What then is Apollos? And what is Paul? Servants through whom you believed, even as the Lord gave opportunity to each one. I planted, Apollos watered, but God was causing the growth. So then neither the one who plants nor the one who waters is anything, but God who causes the growth. Now he who plants and he who waters are one; but each will receive his own reward according to his own labor. For we are God’s fellow workers; you are God’s field, God’s building.
1 Corinthians 3:5-9, NASB


It's summer time in Southern California, a summer that I desperately needed.  In past years summer has meant a lot less to me.  For years I worked five days a week in an air conditioned building.  If it were 100 degrees outside, I was still leaving the house with a sweater.  I might get the chance to step outside for lunch and feel the warmth of the sun, but that sun was gone again as soon as my break was over. Since I stopped working full time, I have come to appreciate the seasons, mostly because I experience them now.
My first cucumber in early growth.

My newest joy is my garden.  Yes, I have had things growing my back yard (and front yard, actually) since we bought our home eight years ago.  I have written before about my benefiting from another's work.  When my yard got a major trim this month, I was sad at how much they cut off my fruit trees.  Then I reminded myself that I waste a lot of the fruit that is produced, and everything will grow back.  In fact, it will grow back stronger for the trimming that occurred.

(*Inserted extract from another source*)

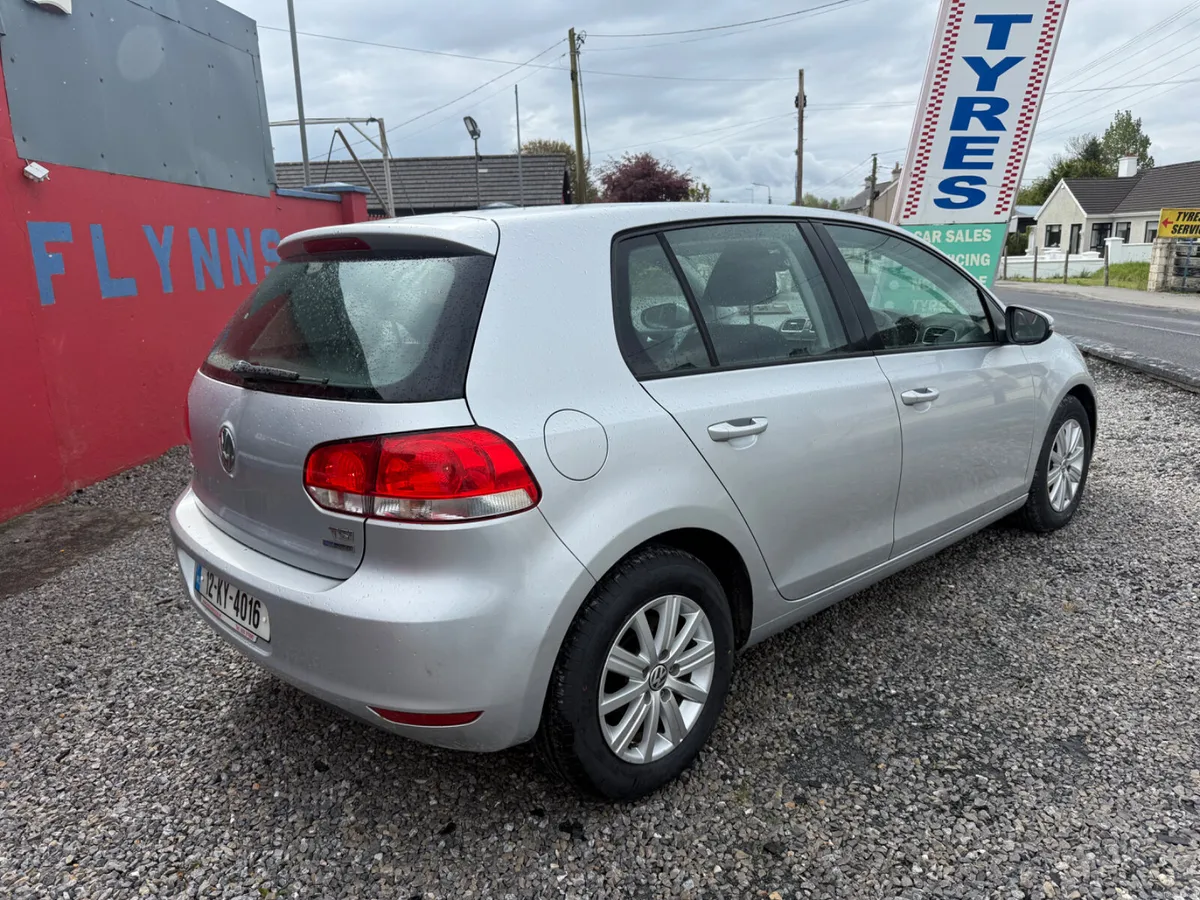 Volkswagen Golf 2012 Automatic 1.2 Petrol Low KMS - Image 4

Right now the shining gem of my garden is my single cucumber plant that I could easily take too much credit for.  It was my mother in law who showed up at my door with seeds and a trellis for the vines to creep up.  It was my son, under my mother in law's guidance, who turned the dirt.  It is me, though, who faithfully waters the plant.  Everyday.  Sometimes, twice a day.  As Paul wrote, it was God who made it grow.  There is nothing I could have done to make that plant grow.

Paul recognized his place in the hierarchy believers.  He was someone who said yes to God, one of many someones.  I love my cucumber plant, and I am looking forward to the fruit it produces. However, the plant would have grown for anyone who did the work that my family did.  The believers in Corinth did not understand this truth.

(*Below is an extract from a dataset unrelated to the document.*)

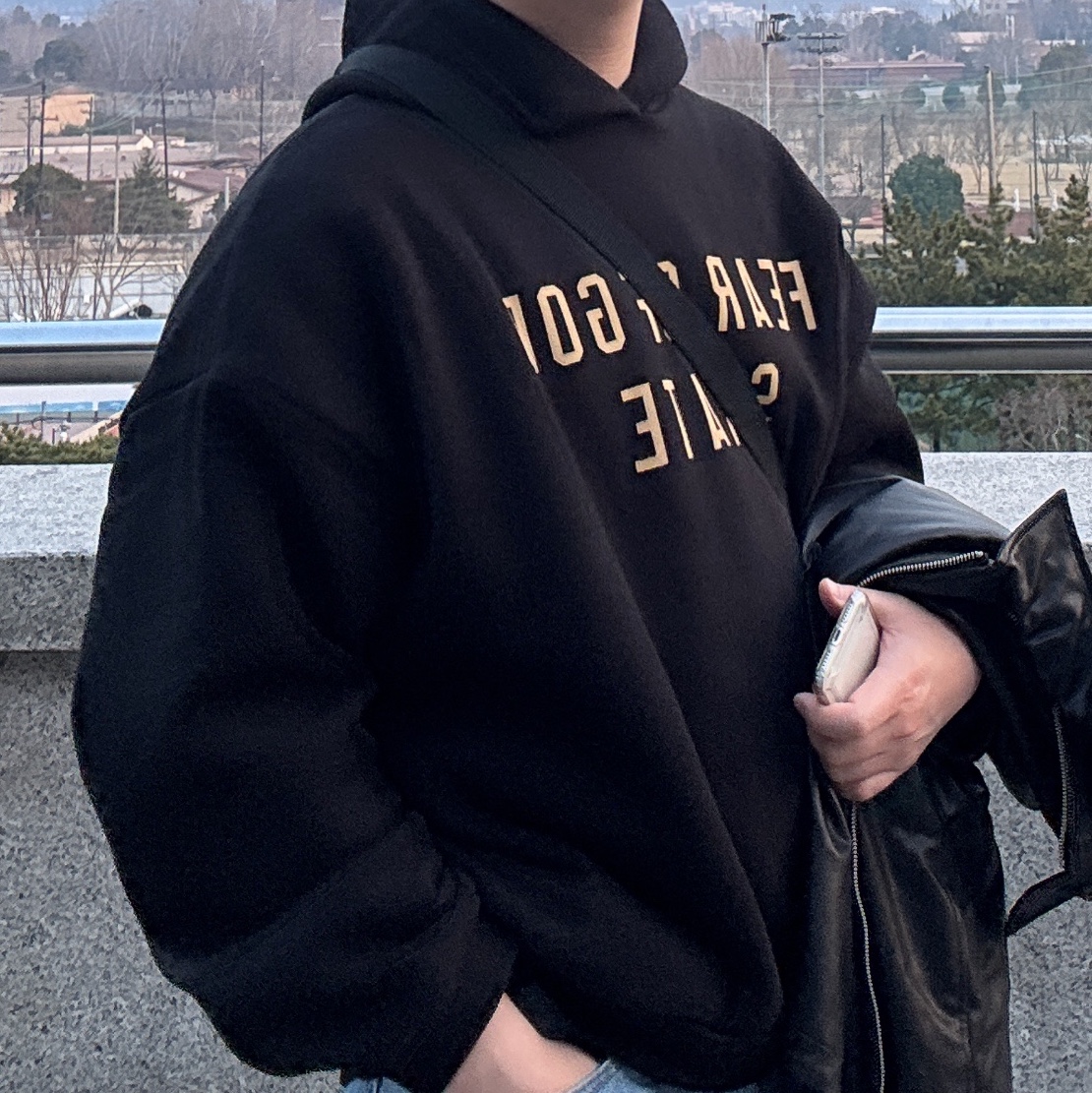 Essentials Fleece State Hoodie Black - 24FW 착용 스타일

The modern church sometimes gets hung up on things that don't matter.  There are groups who believe they have exclusive access to God because of the day they worship, the age at which they baptize, who they accept in their priesthood, or the way they talk to God.  This is what Paul identifies as "jealousy and strife" in verse 3.

I am Apollos.  I can only take credit for watering my garden.  It would not have mattered if I used a bucket or a hose.  One may be appropriate for one part of my garden and the other more appropriate for another part of my garden.  Where seed is being sown, cultivated, and watered, God will do the rest.